Until yesterday when I noticed someone selling coal on Facebook but it’s located over 100 miles from where I live, depending on what I learn from you folks I just might take a ride over there to buy some coal to see how well it does or doesn’t work.
thing
 
My grates are still good but my fire bricks are broken but still in place. i have new fire brick just haven't replaced them yet.The newer stoves doesn't even have fire bricks only wood and coal stoves have them.
 
So, there is an old coal railway right across the road from me. You can walk it with a bucket and fill it in less than a minute. I’ve played around with putting it in my stove when I have a bed of wood coals

I’ve always been to scared to put more than a piece or two. But it will burn

As for all the technical stuff, I’m not the guy for that.

But I am the guy that will tell you, it will burn
 
Any Amish in your area? That's who I bought my coal from.

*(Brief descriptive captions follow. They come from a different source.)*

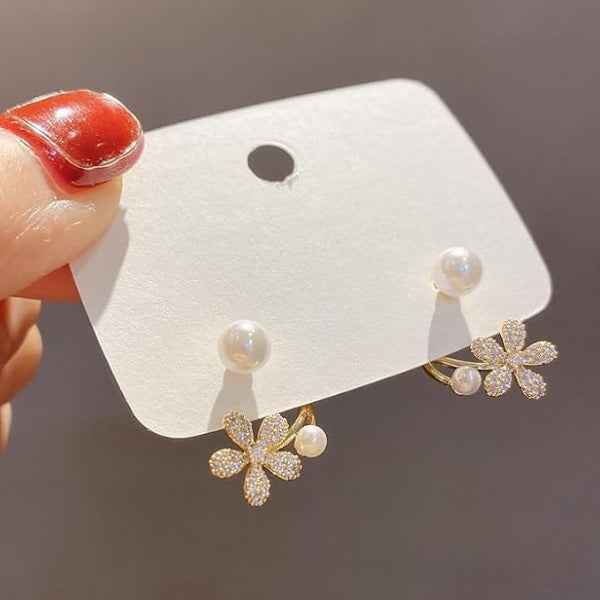 Elegant Flower Ear Jackets with Pearls & Dazzling Zirconia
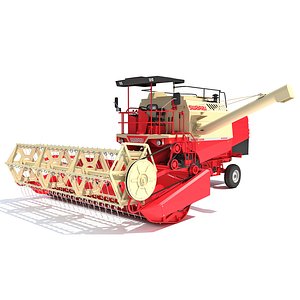3D model Swaraj Multi Crop Combine Harvester Agricultural Machinery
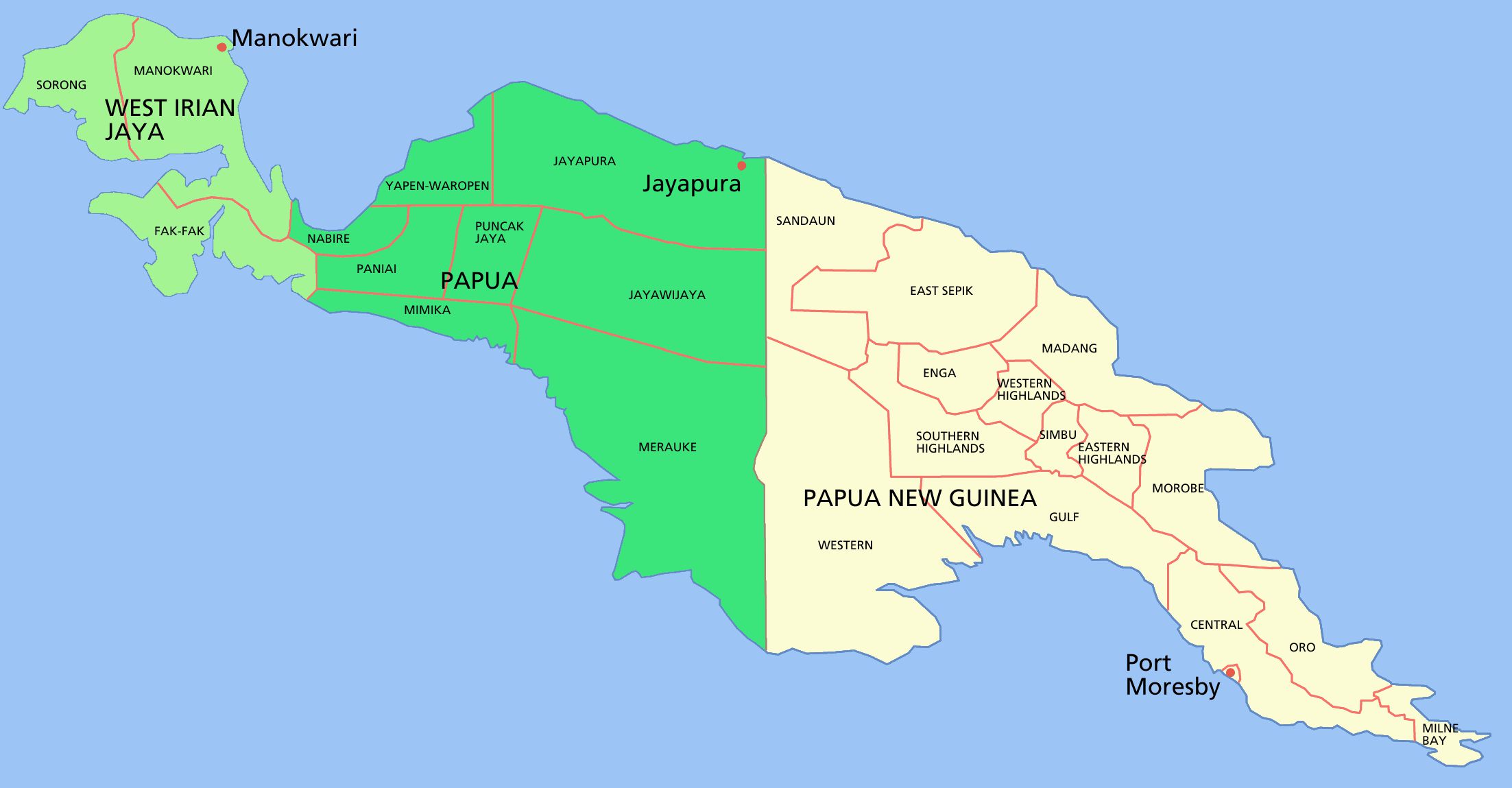 New guinea map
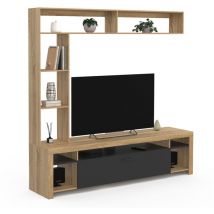 Idmarket - Ensemble meuble tv et étagères 170 cm malo bois et placard noir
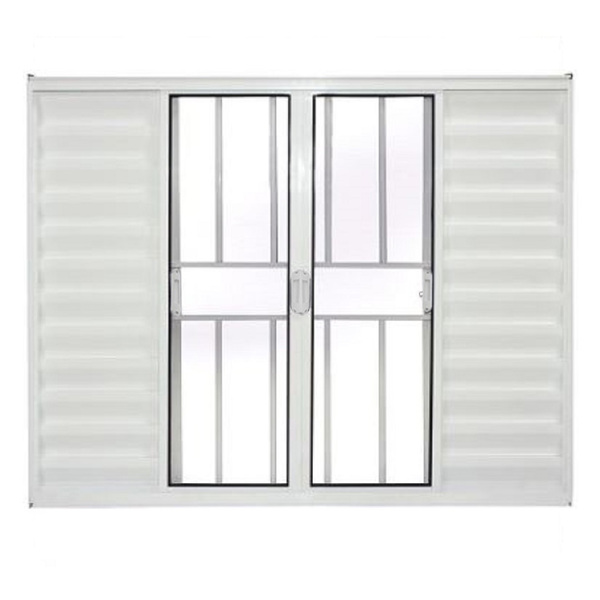 Janela Veneziana 6 Folhas Alumínio Branco Modular Com Grade -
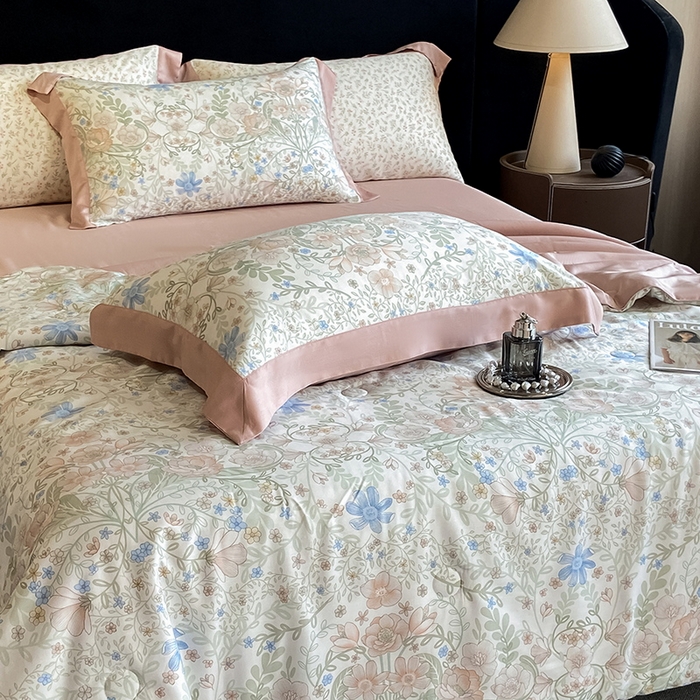 91家纺网 家纺一手货源 找家纺 梵克保罗 2024新款莱赛尔数码印花夏被四件套 花海缠绵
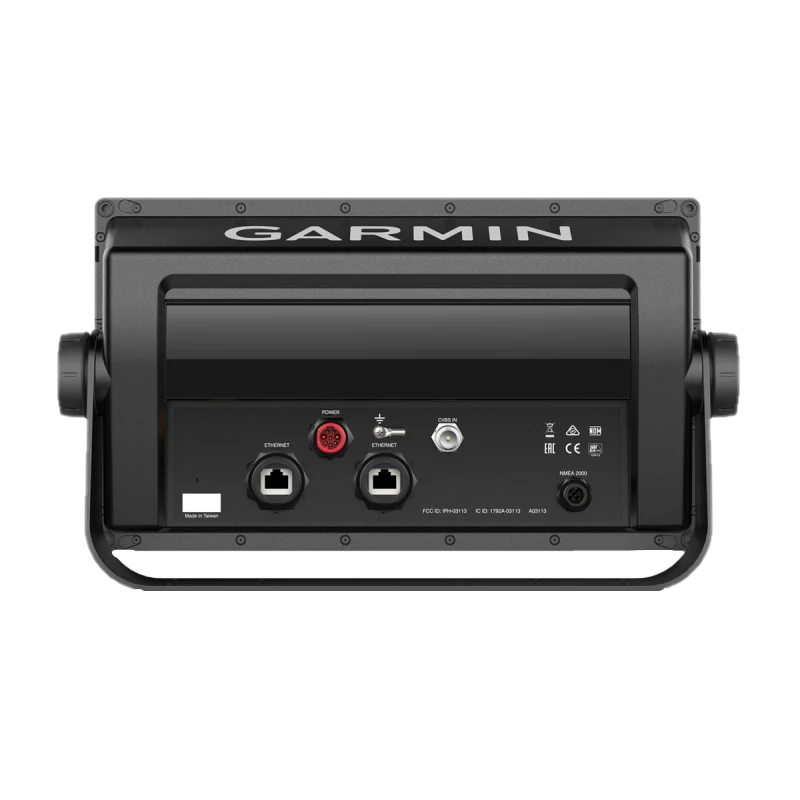 Black Garmin GPSMAP 1022 marine chartplotter back view showing ports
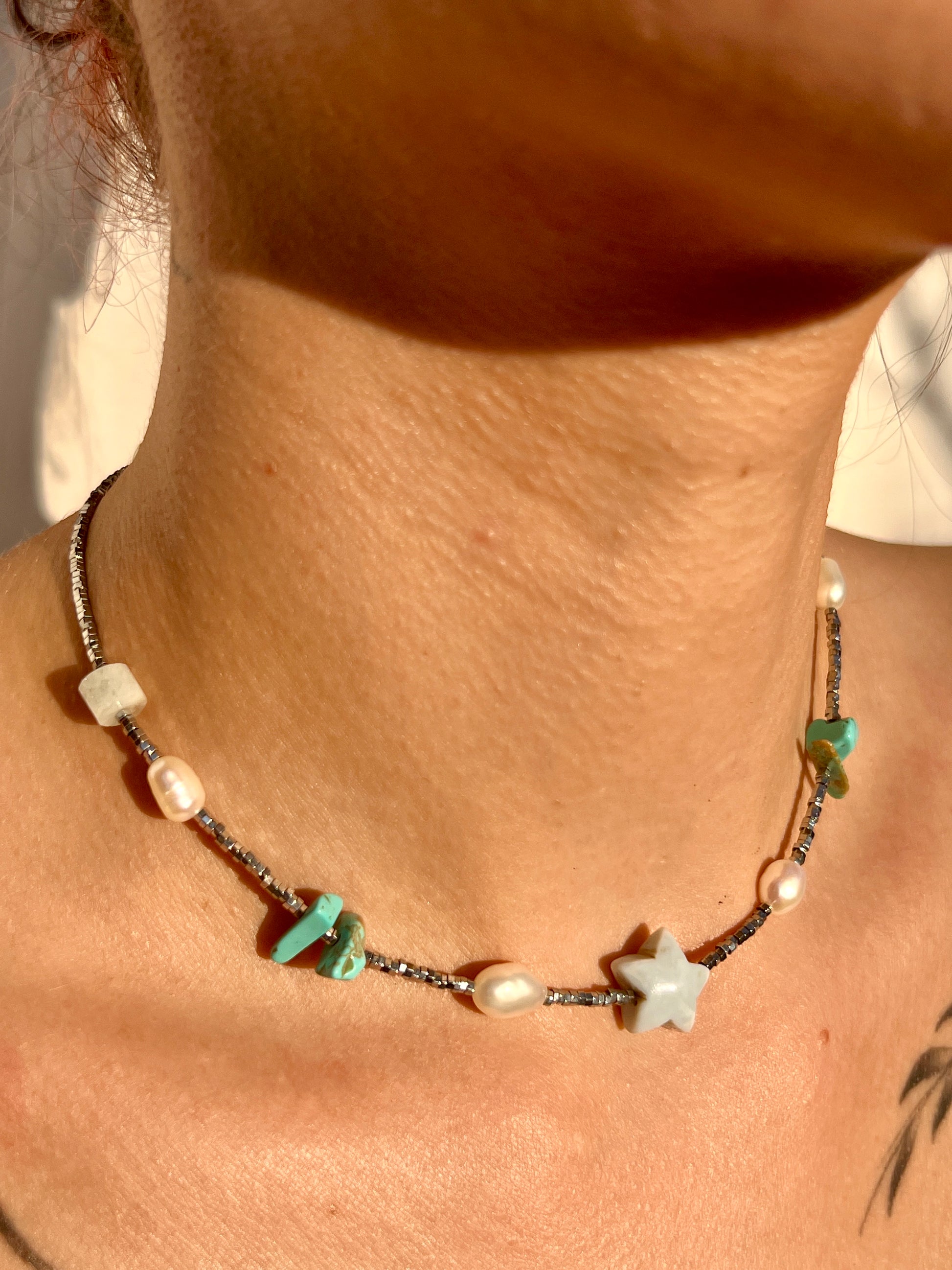 PEARL OPAL HEMATITE TURQUOISE NECKLACE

I burned anthracite coal. It requires a deep bed to burn well, my furnace holds about 100 lbs(2.5 bags) at a time. It also requires air under the whole bed of coal with no over fire air. I had to block all the secondary air passages in my furnace with fiberglass insulation. Your stove also needs to be airtight so you don't get a runaway fire. I kept a bucket of sand near the furnace just in case something happened. There's a definite learning curve.

All this talk of coal makes me wanna go pick up a pallet.